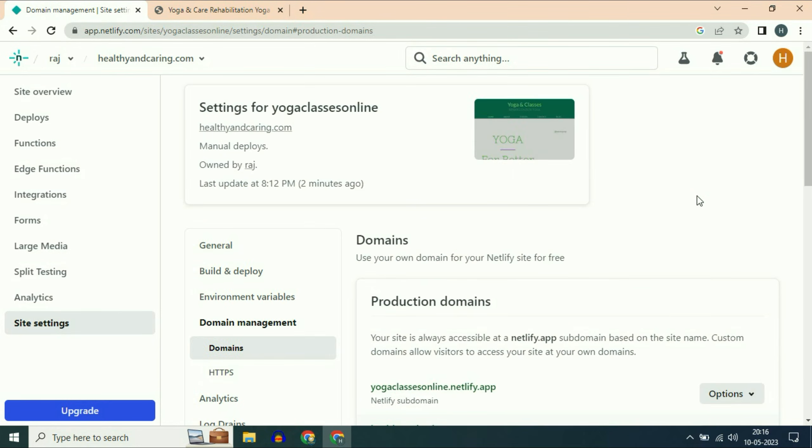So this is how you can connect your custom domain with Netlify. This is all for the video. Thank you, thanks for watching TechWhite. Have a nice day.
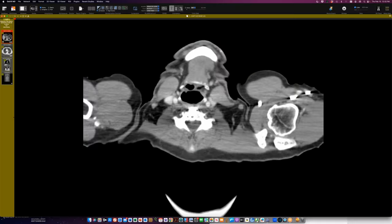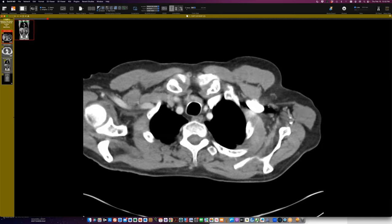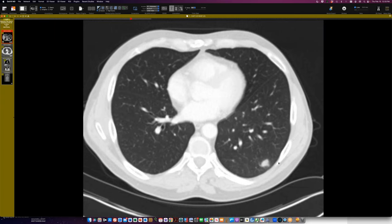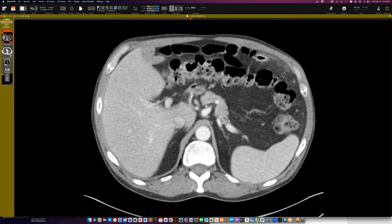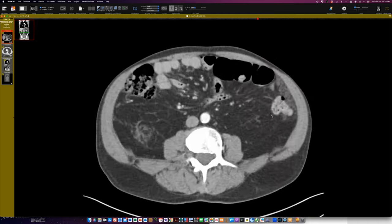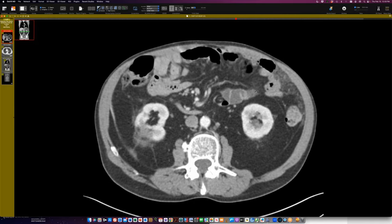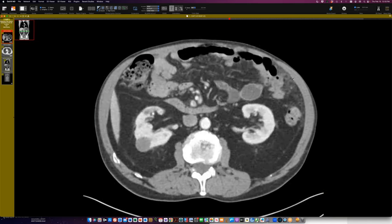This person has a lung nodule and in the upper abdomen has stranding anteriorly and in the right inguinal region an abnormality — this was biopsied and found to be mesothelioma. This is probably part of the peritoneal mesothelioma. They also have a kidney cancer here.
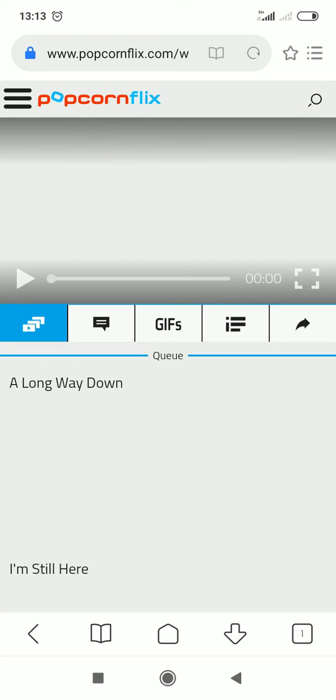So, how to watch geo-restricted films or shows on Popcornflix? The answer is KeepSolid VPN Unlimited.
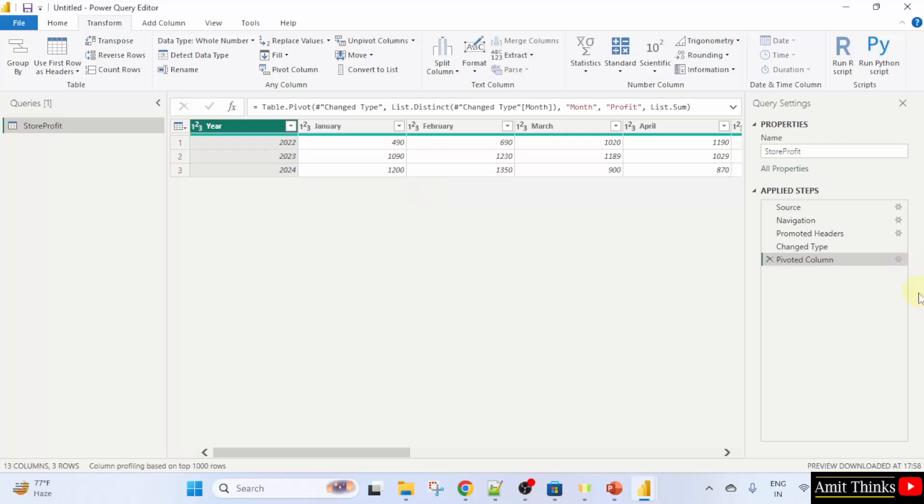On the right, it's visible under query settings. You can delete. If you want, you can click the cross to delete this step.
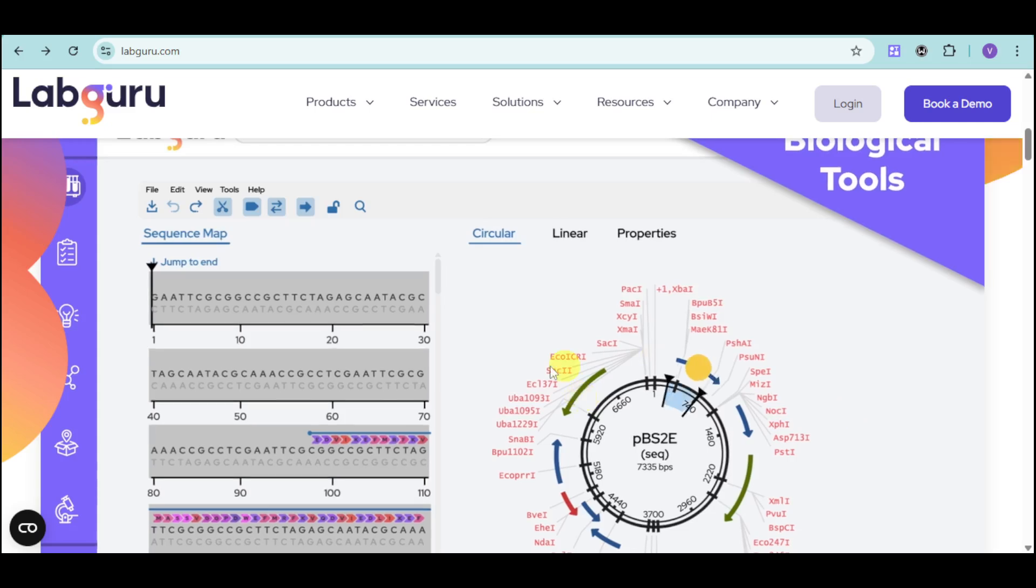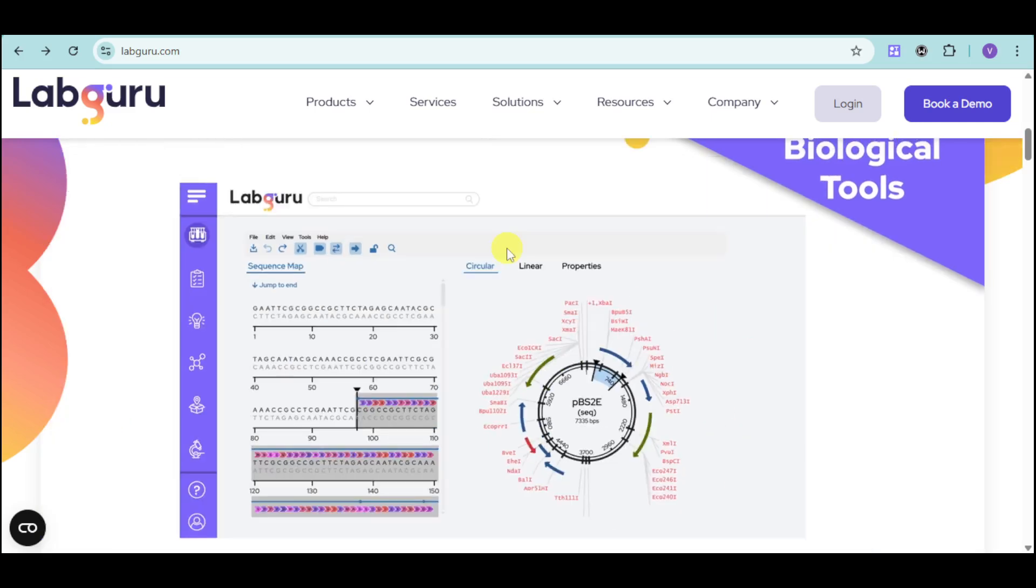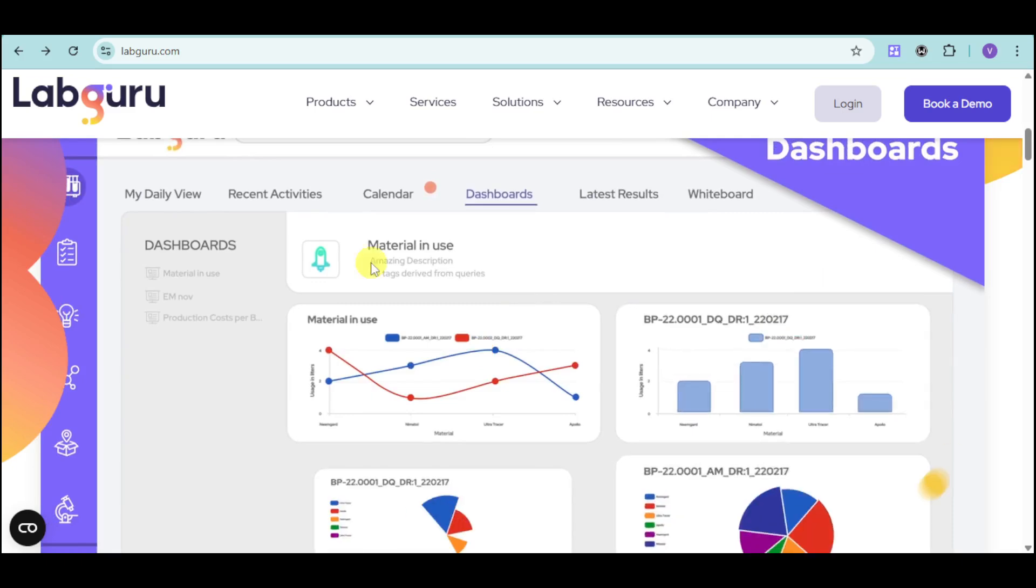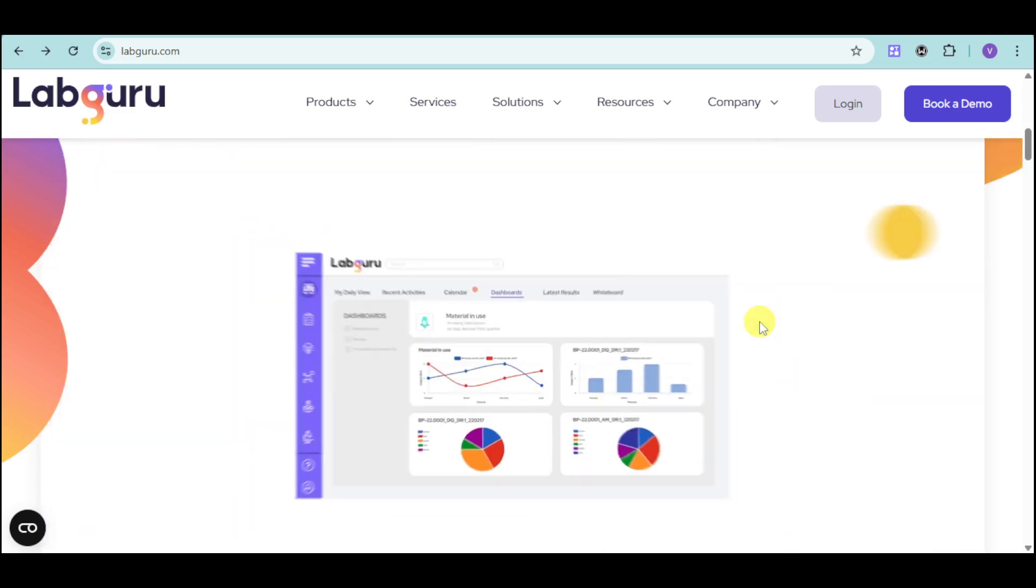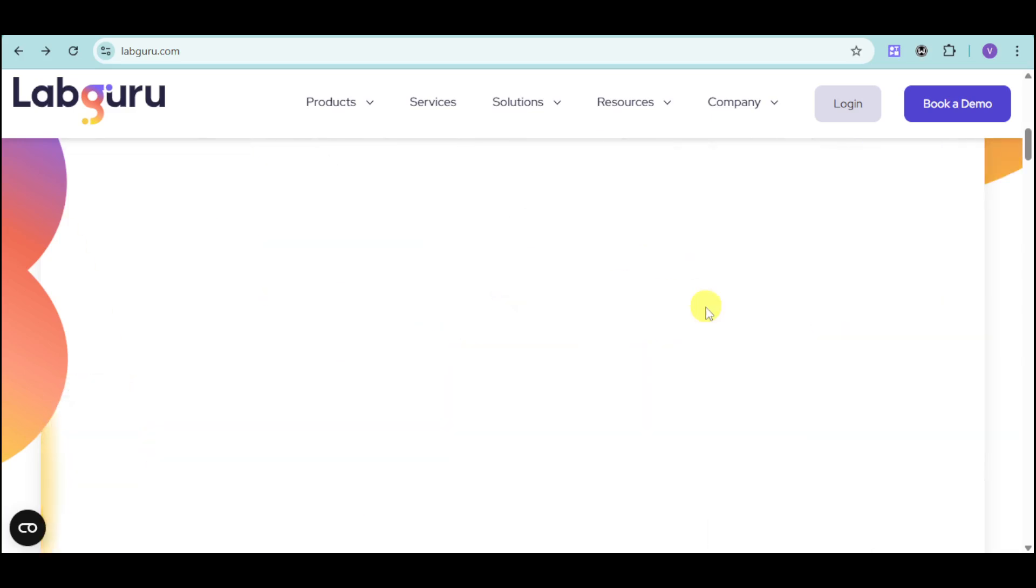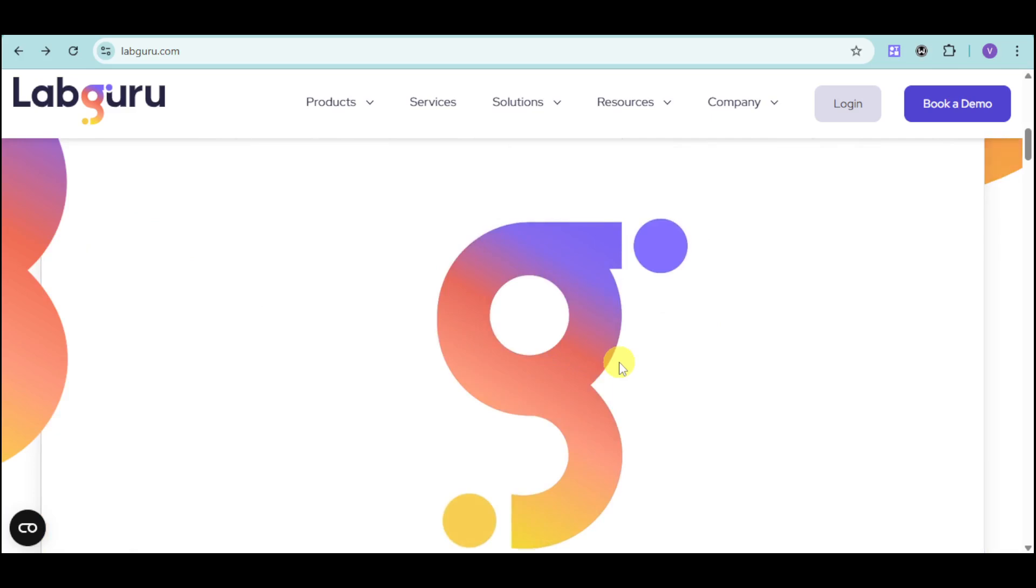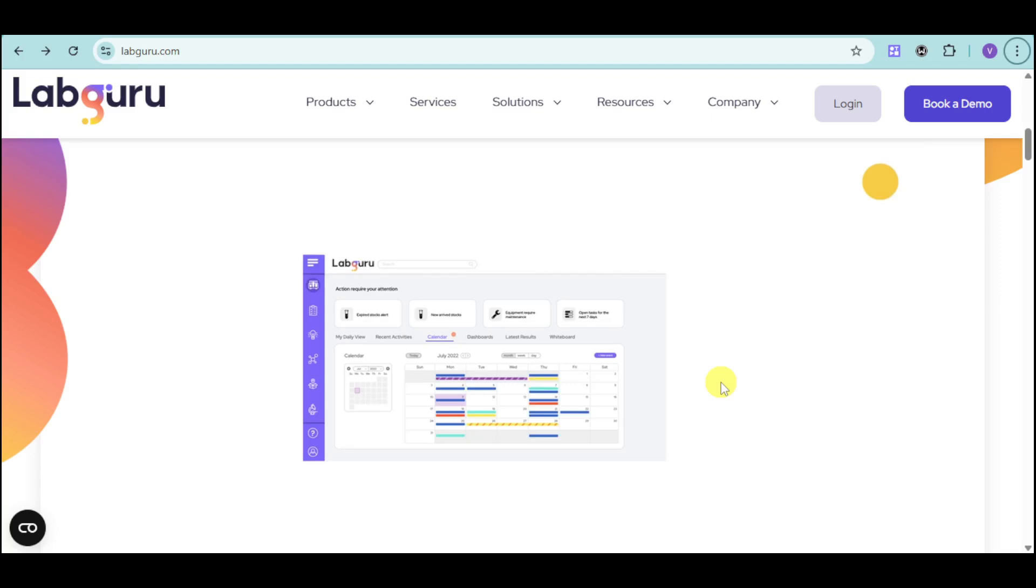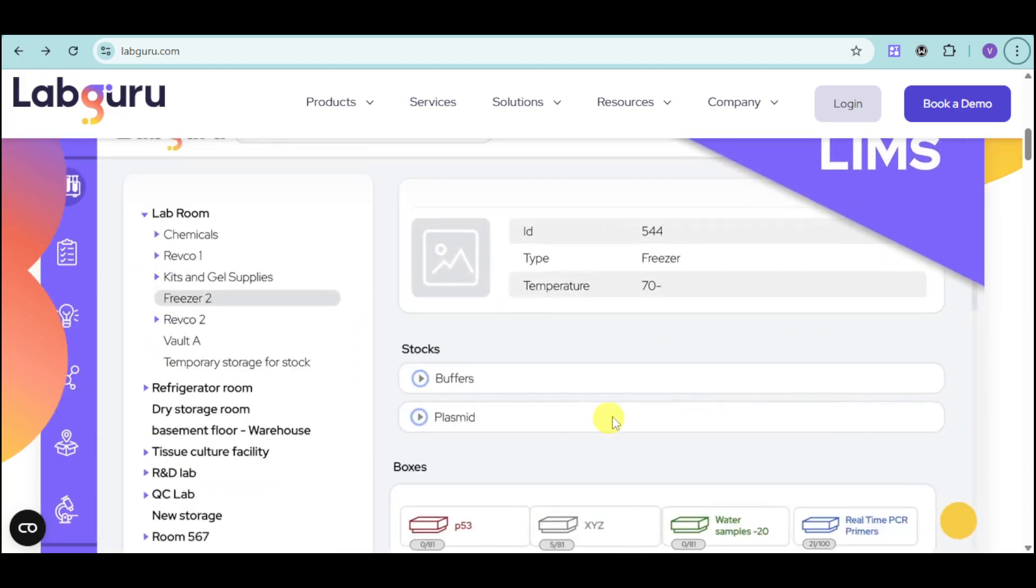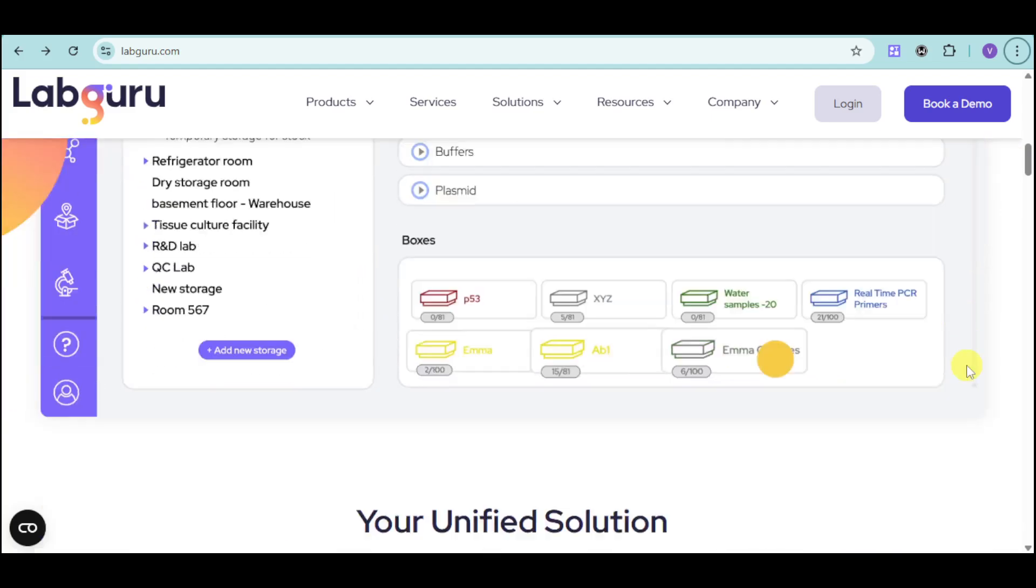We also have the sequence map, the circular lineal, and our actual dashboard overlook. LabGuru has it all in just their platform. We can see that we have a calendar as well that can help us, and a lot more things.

» TASK DIRECTIONS: Nothing but the text is wanted: repeat the data above exactly, without its images.

» EXPECTED OUTPUT:
So this is how you can connect your custom domain with Netlify. This is all for the video. Thank you, thanks for watching TechWhite. Have a nice day.
This person has a lung nodule and in the upper abdomen has stranding anteriorly and in the right inguinal region an abnormality — this was biopsied and found to be mesothelioma. This is probably part of the peritoneal mesothelioma. They also have a kidney cancer here.
So, how to watch geo-restricted films or shows on Popcornflix? The answer is KeepSolid VPN Unlimited.
On the right, it's visible under query settings. You can delete. If you want, you can click the cross to delete this step.
We also have the sequence map, the circular lineal, and our actual dashboard overlook. LabGuru has it all in just their platform. We can see that we have a calendar as well that can help us, and a lot more things.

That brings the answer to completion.